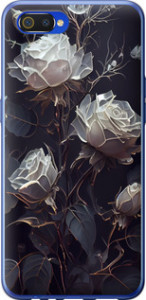 Чехол на Realme C2 Рози 2 5550t-1852 (Чорний)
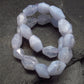 Blue Lace Agate Genuine Bracelet ~ 7 Inches ~ 10mm Facetted Beads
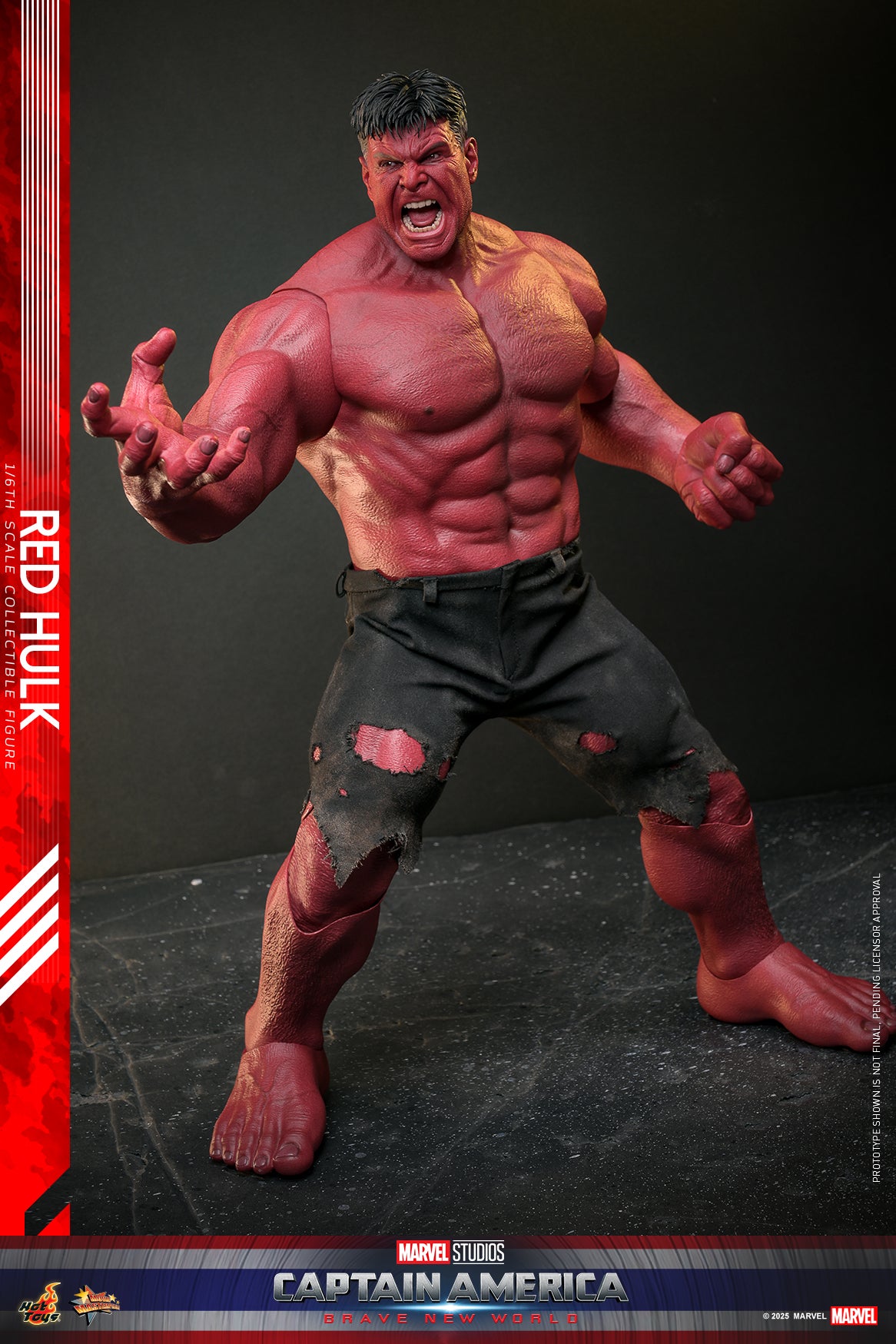 Hot Toys – MMS797 – Captain America: Brave New World: Red Hulk  1/6th scale Collectible Figure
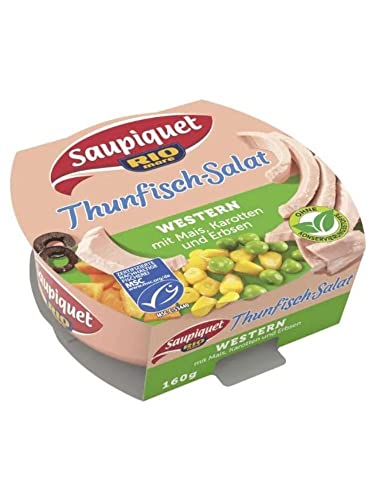 Saupiquet Msc Thunfisch Salat Western - Köstlich Fertiggerichte 160 Gramm 1 Stück von eworldpartner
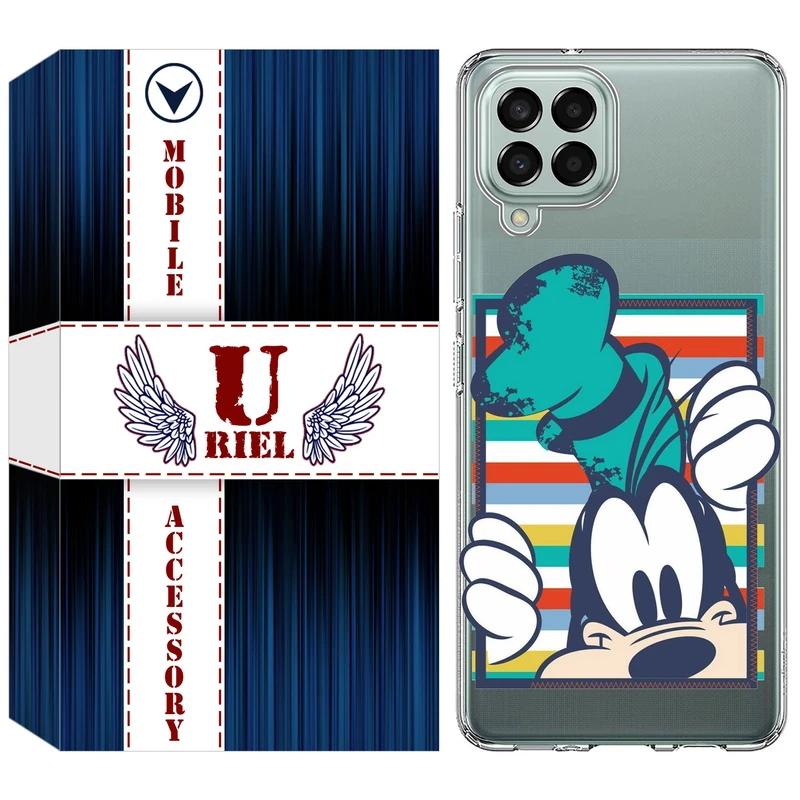 کاور یوریل قاب مدل Clear کد 2 طرح سگ مناسب برای گوشی موبایل سامسونگ Galaxy A12 / A12 Nacho / M12 / F12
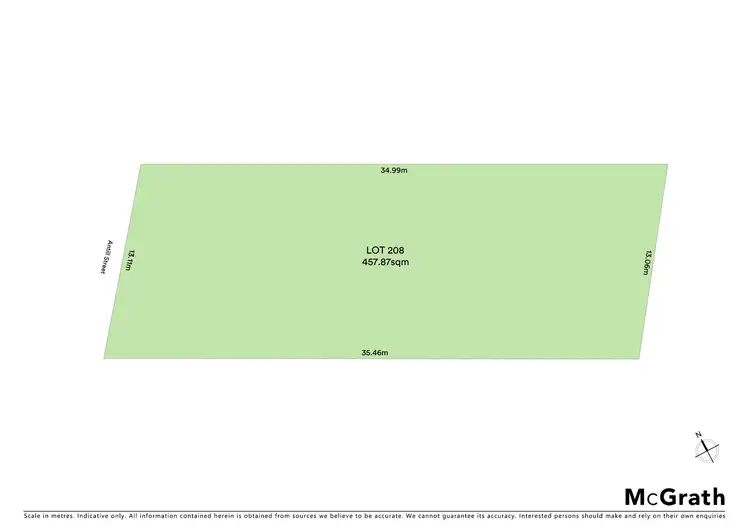 Floorplan of Homely land listing, Lot 208 Thirlmere Way, Thirlmere NSW 2572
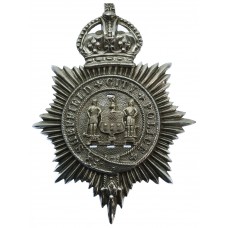 Sheffield City Police Helmet Plate - King's Crown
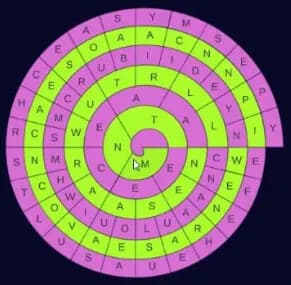 WordSpiral screenshot screenshot 1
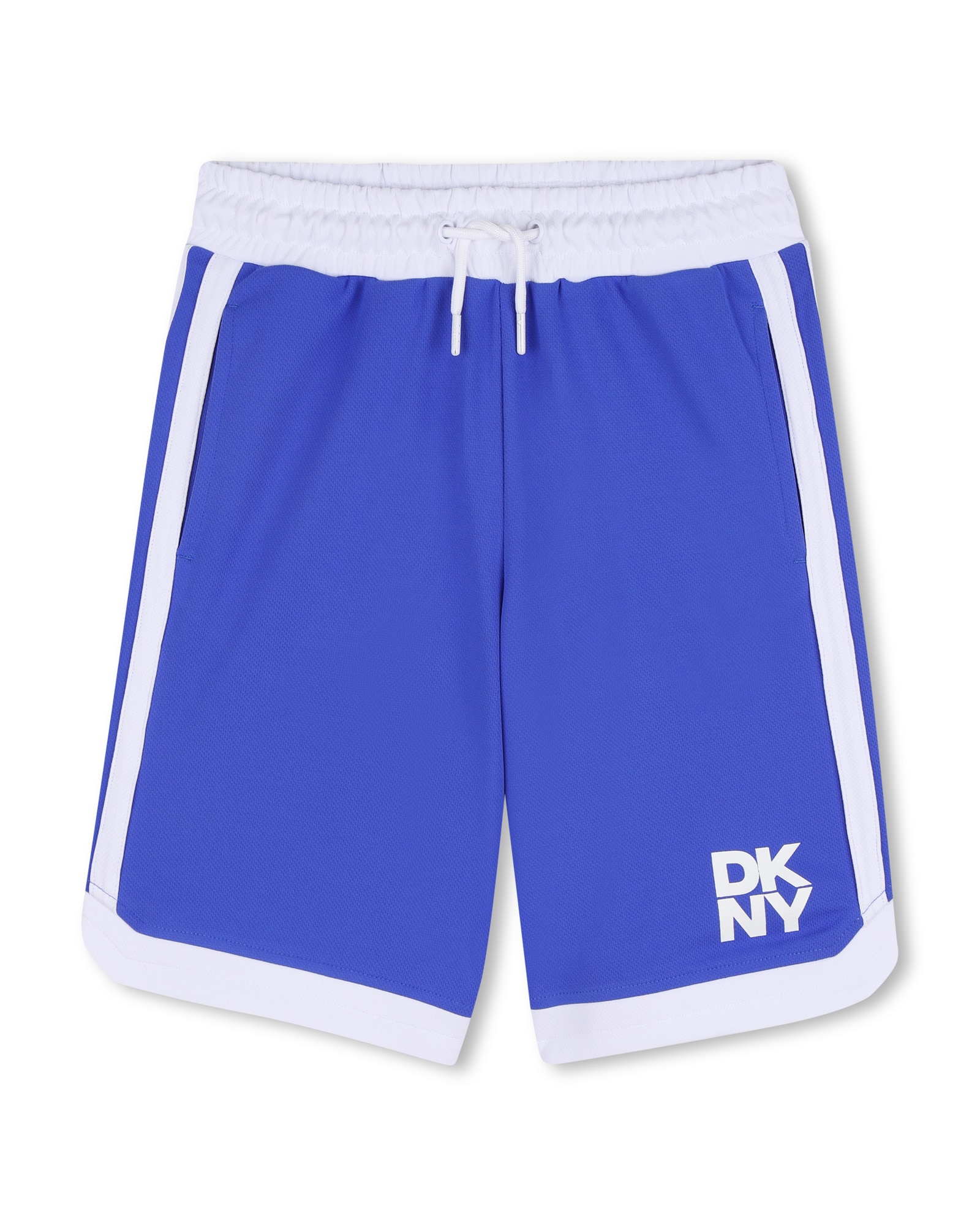 Pantalón corto unisex de algodón con estampado geométrico - DKNY - Azul Azul-1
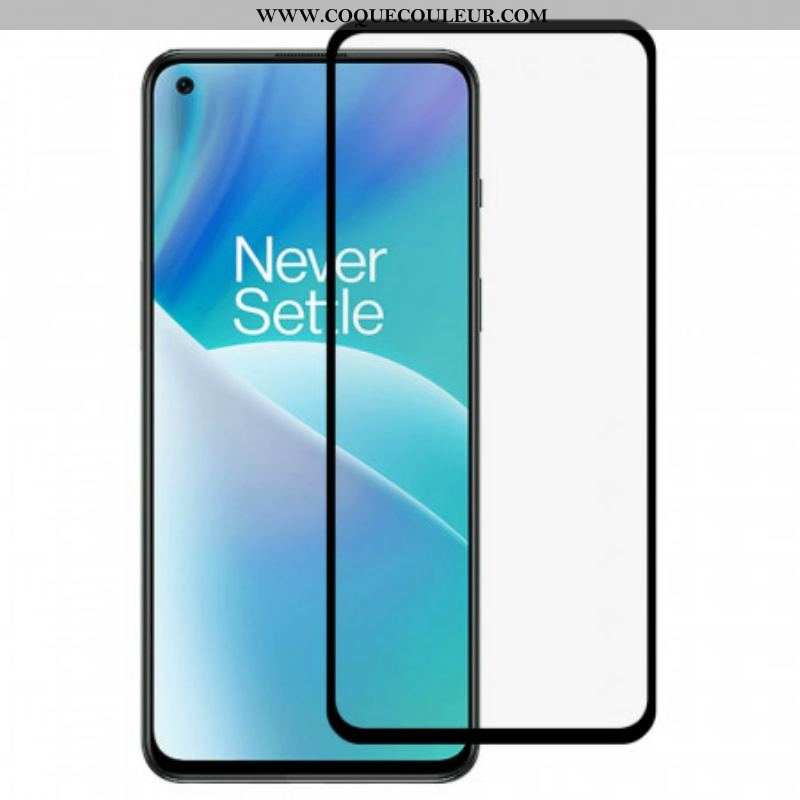 Protection Écran Verre Trempé Contours Noirs OnePlus Nord 2T 5G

▶ [INSTRUCTIONS TO FOLLOW]: I need the entries printed exactly, with each picture left out.

▶ [WRITTEN REPLY]:
 Чехол на Realme C2 Рози 2 5550t-1852 (Чорний)
 Blue Lace Agate Genuine Bracelet ~ 7 Inches ~ 10mm Facetted Beads
 Hot Toys – MMS797 – Captain America: Brave New World: Red Hulk  1/6th scale Collectible Figure
 Saupiquet Msc Thunfisch Salat Western - Köstlich Fertiggerichte 160 Gramm 1 Stück von eworldpartner
 کاور یوریل قاب مدل Clear کد 2 طرح سگ مناسب برای گوشی موبایل سامسونگ Galaxy A12 / A12 Nacho / M12 / F12
 Floorplan of Homely land listing, Lot 208 Thirlmere Way, Thirlmere NSW 2572
 Sheffield City Police Helmet Plate - King's Crown
 WordSpiral screenshot screenshot 1
 Pantalón corto unisex de algodón con estampado geométrico - DKNY - Azul Azul-1
 Protection Écran Verre Trempé Contours Noirs OnePlus Nord 2T 5G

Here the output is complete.